| AIM OF THE TASK |
An exact repeat is needed of the lines from the one with "Major Stress Formula" through the last line of the data below. Please omit the pictures.

========

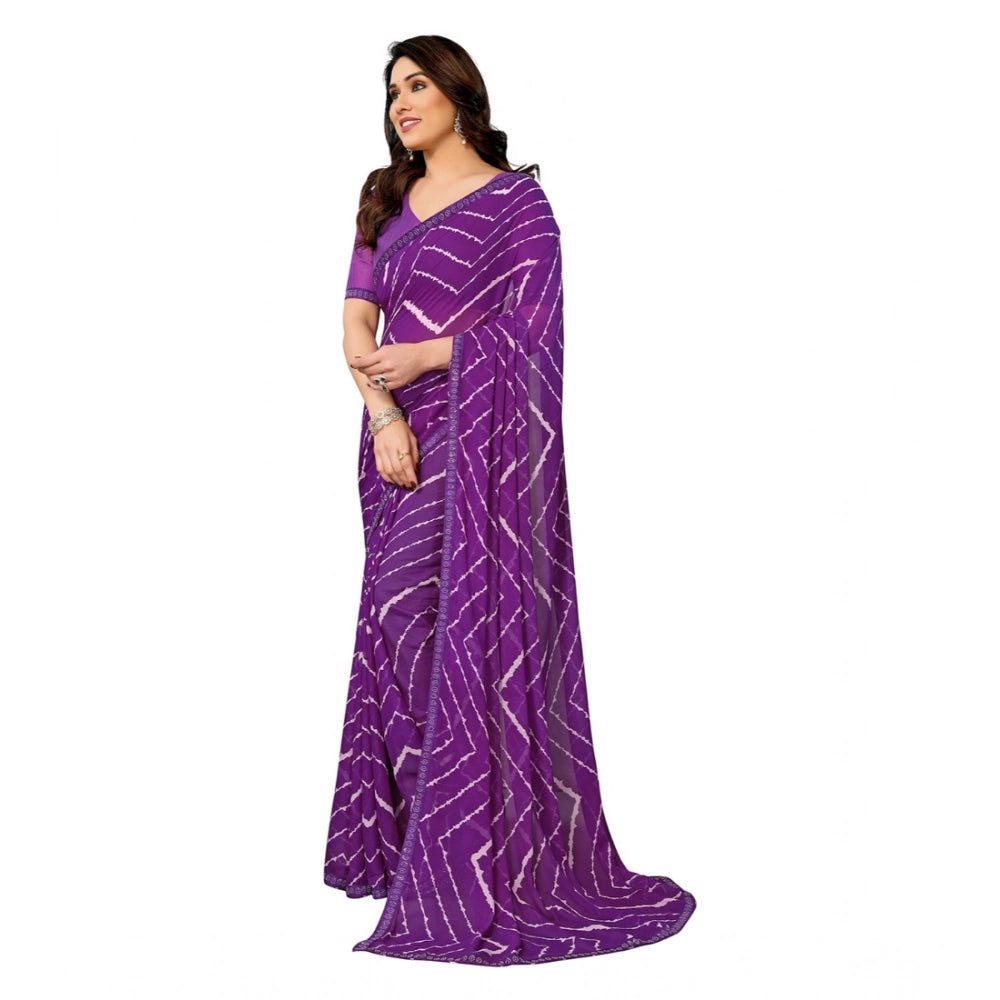 Women's Georgette Printed Saree — Purple · 50_3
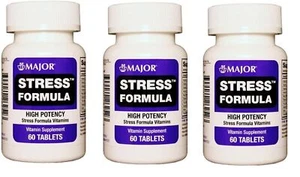 Major Stress Formula High Potency Vitamin Supplement 500 mg 60 Tablet X 3 Packs - Picture 1 of 1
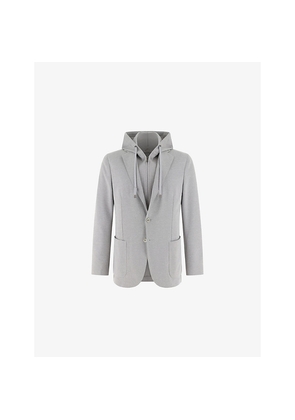 Mens Boggi Removable-Hood Lapel-Collar Stretch-Jersey Blazer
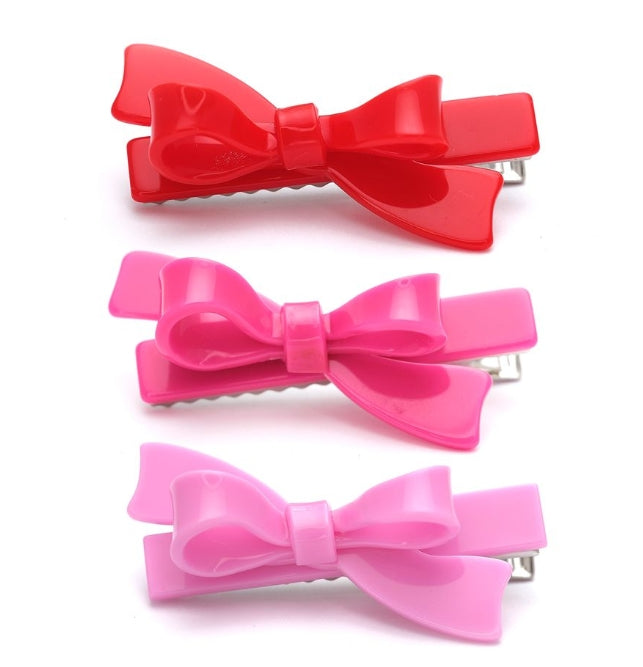 Lilies &amp; Roses Pinks &amp; Reds Satin Bow Hair Clips - Set Of 3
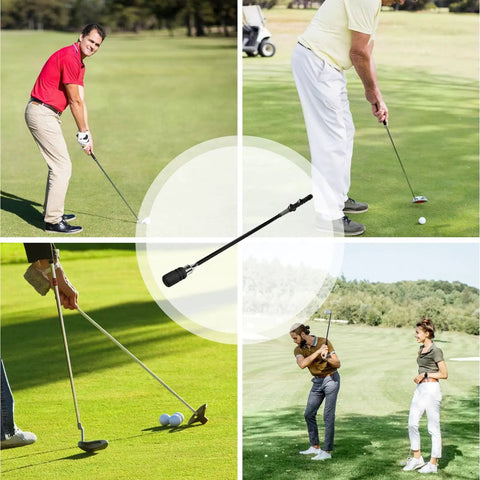 Golfers using Weighted Golf Swing Trainer For Indoor Practice And Warm Up Right Handed Grip Training Device to improve swing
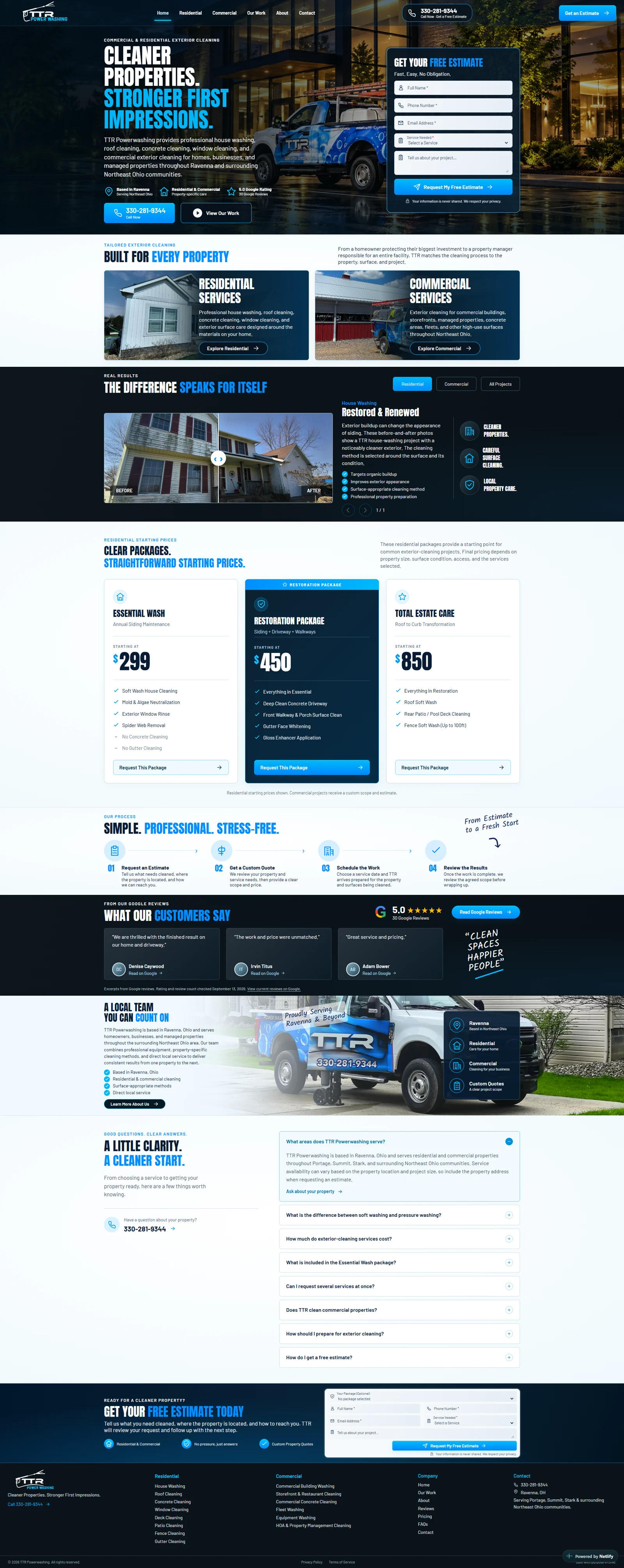 TTR Powerwashing website with service information, project imagery, and an estimate form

========

| TASK SOLUTION |
 Major Stress Formula High Potency Vitamin Supplement 500 mg 60 Tablet X 3 Packs - Picture 1 of 1
 Mens Boggi Removable-Hood Lapel-Collar Stretch-Jersey Blazer
 Lilies &amp; Roses Pinks &amp; Reds Satin Bow Hair Clips - Set Of 3
 Golfers using Weighted Golf Swing Trainer For Indoor Practice And Warm Up Right Handed Grip Training Device to improve swing
 TTR Powerwashing website with service information, project imagery, and an estimate form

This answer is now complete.